David Paule

Well Known Member
Saw this cutie on the Sparkfun website.

09678-01_i_ma.jpg


It's an OLED display, about an inch square. It's here: https://www.sparkfun.com/products/9678.

Now please remember that I'm not an electrical expert. In fact I'm not even an amateur at that game. You'll have to develop this all by yourself.

What could this thing be used for?

* How about an AOA indicator?

* How about a multi-function warning device? Maybe each warning would have its own color scheme. Maybe the colors can shift to catch your attention.

Could it be the color of your instrument panel when it's not warning you of something?

Now I just stumbled across this display. I don't work for Sparkfun and in fact I've never even purchased anything from them. They're a local company, kind of popular, and I was browsing for things that might be useful. So there you have it: a nifty keen display that's ready for your imagination.

Dave
RV-3B, now building wings
 
These guys have some interesting OLED modules too, including Arduino and Raspberry PI displays, and some small LCDs with touch control. It looks like Sparkfun is a distributor too.

I was thinking about Garmin's G2000 when I saw those and thought a small OLED or LCD touch module would be a cool context-sensitive interface. The trick is interfacing with the other systems over serial or CAN or whatever, but enough vendors have been releasing specs to make that viable now.
 
Before you run off and start cutting 1" square holes in your panel, the brightness on this is 90 nits. 400 nits is barley adequate to see in the daytime and 1,200 is when something becomes truly daylight visible in any light, no matter what.

So I vote you can use them as panels that say "if you can read this, turn on your landing light" ;)

--Ian Jordan
Dynon Avionics
 
Before you run off and start cutting 1" square holes in your panel, the brightness on this is 90 nits. 400 nits is barley adequate to see in the daytime and 1,200 is when something becomes truly daylight visible in any light, no matter what.

So I vote you can use them as panels that say "if you can read this, turn on your landing light" ;)

--Ian Jordan
Dynon Avionics

Ian,

This is from wiki -

Outdoor performance - As an emissive display technology, OLEDs rely completely upon converting electricity to light, unlike most LCDs which are to some extent reflective; e-ink leads the way in efficiency with ~ 33% ambient light reflectivity, enabling the display to be used without any internal light source. The metallic cathode in an OLED acts as a mirror, with reflectance approaching 80%, leading to poor readability in bright ambient light such as outdoors. However, with the proper application of a circular polarizer and anti-reflective coatings, the diffuse reflectance can be reduced to less than 0.1%. With 10,000 fc incident illumination (typical test condition for simulating outdoor illumination), that yields an approximate photopic contrast of 5:1.

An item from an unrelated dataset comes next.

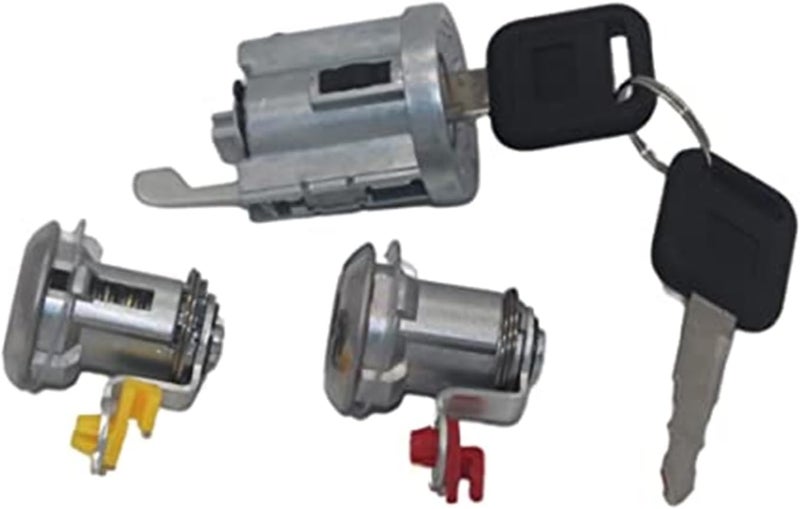 QASULER 3pcs Ignition Cylinder Door Lock Set for Isuzu - Image 3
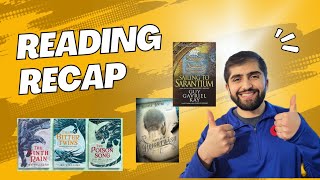 Reading Recap  Fantasy Indie Historical Fiction [upl. by Asiuol]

Sounds like it would be OK outdoors in bright sun (10,000 ft. candles) but might have the old polarized glasses problem.

5:1 contrast would be OK for simple warning labels wouldn't it?

The data sheet does say "OLED can be seen in daylight without backlight"
 
We've tried a couple OLED screens around here and even in Seattle sunlight, they are insufficient in our opinion. But technology does change and advance and maybe we haven't experienced an OLED with the appropriate enhancements.

One example of this is the Icom A210 radio that uses an OLED display, and there are complaints about it's daylight visibility.

Admittedly, you can never really know until you try it, but this isn't a simple known case like a 1,200 nit LCD that will "just work".

No trying to discourage any neat projects. Just trying to give some data from my own experience with OLED in sunlight so that people don't get too far into a project without realizing a deficiency once it's in the real world.

--Ian
 
A-210

I have no problem at all with the visibility on the Icom, in fact I was thinking just the opposite.
Tim

Dues paid!
 
Well, At Least I learned Something

Hadn't known what a nit is. 1 nit = 1 cd/m^2. Now I know - thanks!

And haven't seen anything the right size and brightness on that one website yet.